TASK DETAILS -> Repeat the data that follows in full. Do not include the pictures.

*** RECORDS FOR PROCESSING Section Begins ***

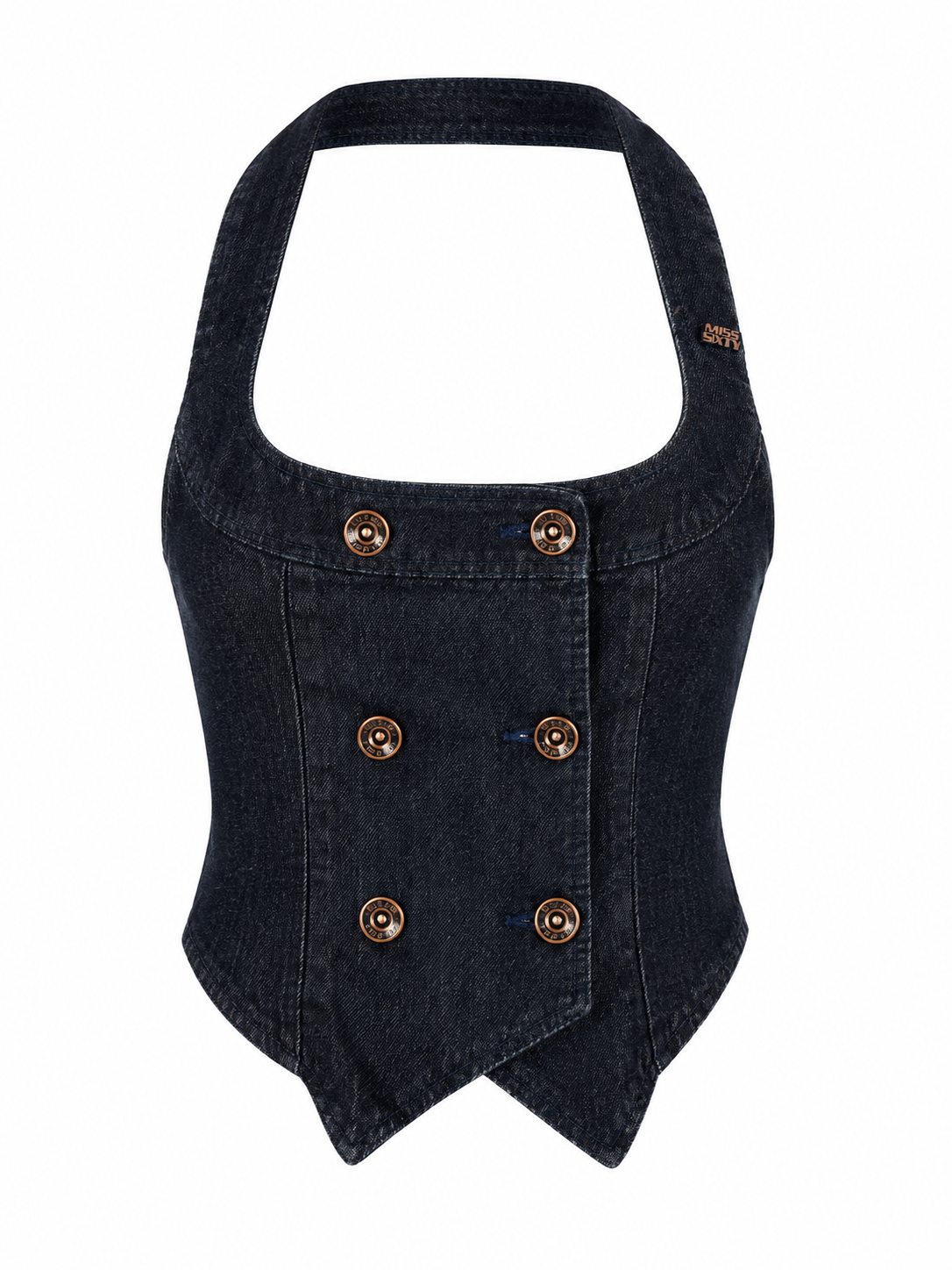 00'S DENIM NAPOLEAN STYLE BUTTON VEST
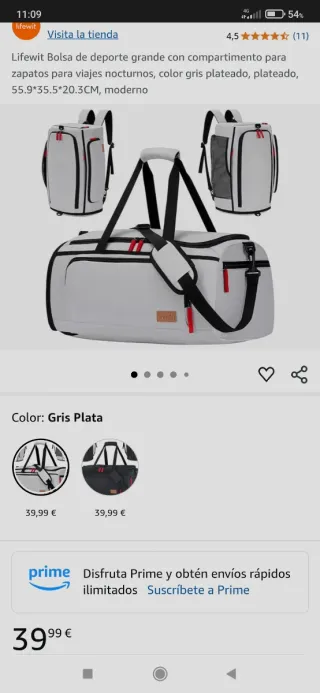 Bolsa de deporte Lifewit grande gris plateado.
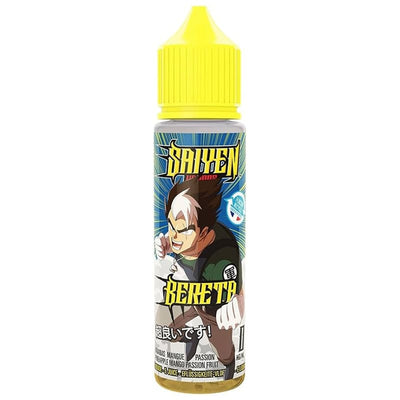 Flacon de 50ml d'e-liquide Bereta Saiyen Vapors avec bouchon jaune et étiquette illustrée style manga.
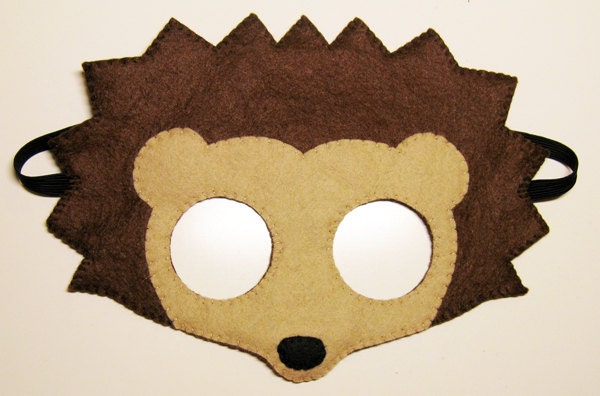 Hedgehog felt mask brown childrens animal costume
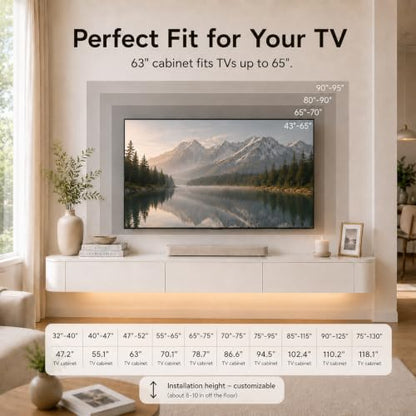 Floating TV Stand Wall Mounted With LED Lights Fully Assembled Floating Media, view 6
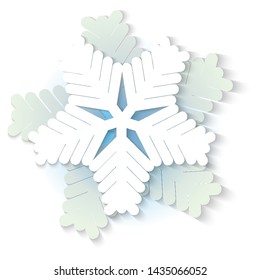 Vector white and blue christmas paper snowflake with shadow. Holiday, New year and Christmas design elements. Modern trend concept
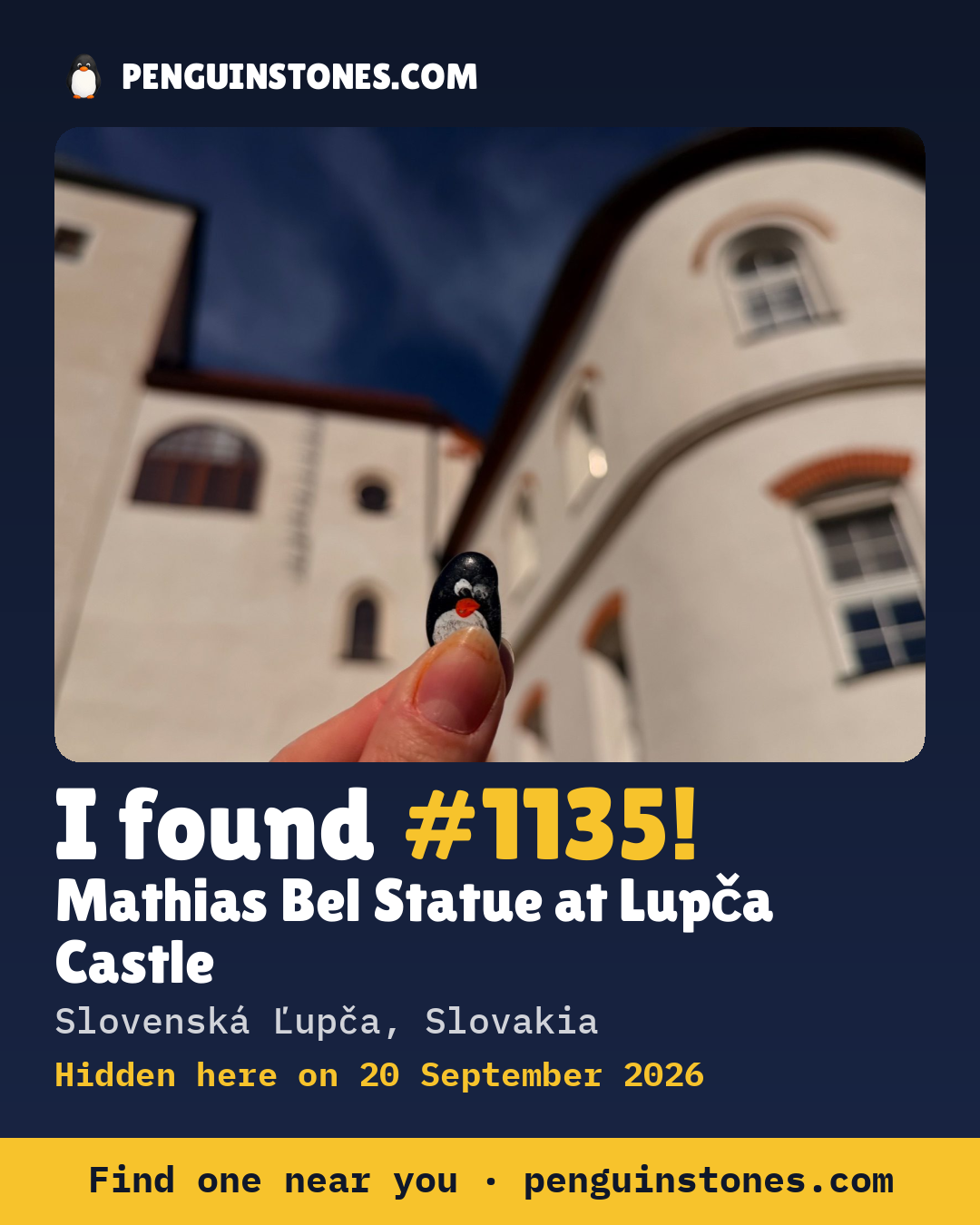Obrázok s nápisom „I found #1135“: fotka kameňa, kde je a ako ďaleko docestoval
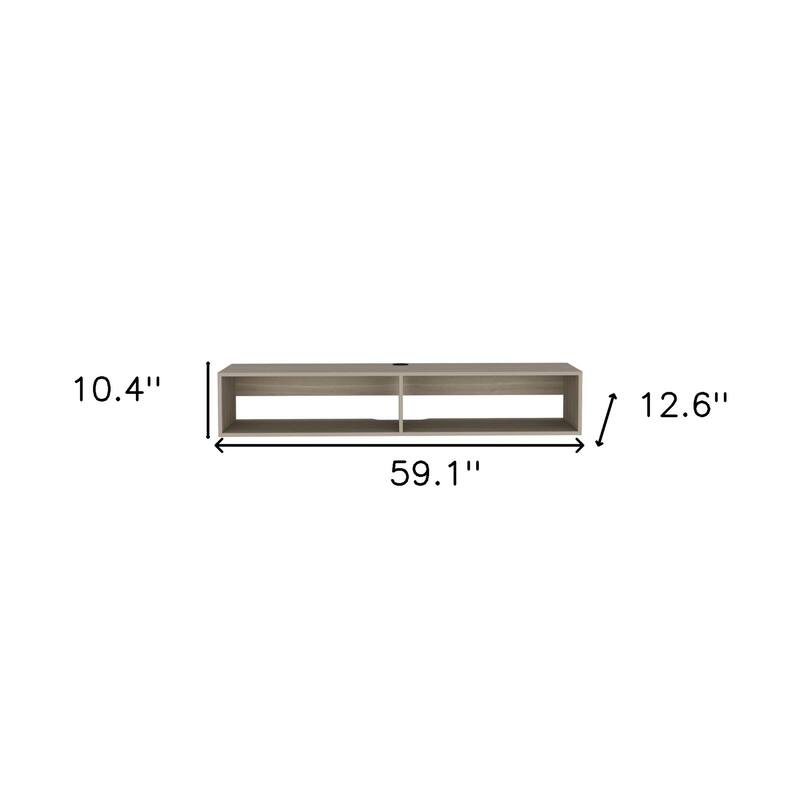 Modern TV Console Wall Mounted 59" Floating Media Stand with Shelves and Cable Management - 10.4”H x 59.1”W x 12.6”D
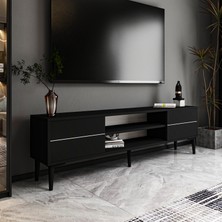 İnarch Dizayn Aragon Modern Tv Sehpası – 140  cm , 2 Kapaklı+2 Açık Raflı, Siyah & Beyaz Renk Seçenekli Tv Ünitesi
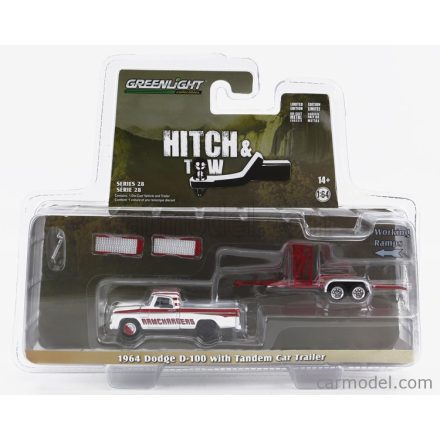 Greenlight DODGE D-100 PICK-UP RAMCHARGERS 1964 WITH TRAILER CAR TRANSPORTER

*** RECORDS FOR PROCESSING Section Ends ***

ANSWER TO THE EXERCISE ->
 00'S DENIM NAPOLEAN STYLE BUTTON VEST
 Bolsa de deporte Lifewit grande gris plateado.
 Flacon de 50ml d'e-liquide Bereta Saiyen Vapors avec bouchon jaune et étiquette illustrée style manga.
 Hedgehog felt mask brown childrens animal costume
 Floating TV Stand Wall Mounted With LED Lights Fully Assembled Floating Media, view 6
 Vector white and blue christmas paper snowflake with shadow. Holiday, New year and Christmas design elements. Modern trend concept
Obrázok s nápisom „I found #1135“: fotka kameňa, kde je a ako ďaleko docestoval
 Modern TV Console Wall Mounted 59" Floating Media Stand with Shelves and Cable Management - 10.4”H x 59.1”W x 12.6”D
 İnarch Dizayn Aragon Modern Tv Sehpası – 140  cm , 2 Kapaklı+2 Açık Raflı, Siyah & Beyaz Renk Seçenekli Tv Ünitesi
 Greenlight DODGE D-100 PICK-UP RAMCHARGERS 1964 WITH TRAILER CAR TRANSPORTER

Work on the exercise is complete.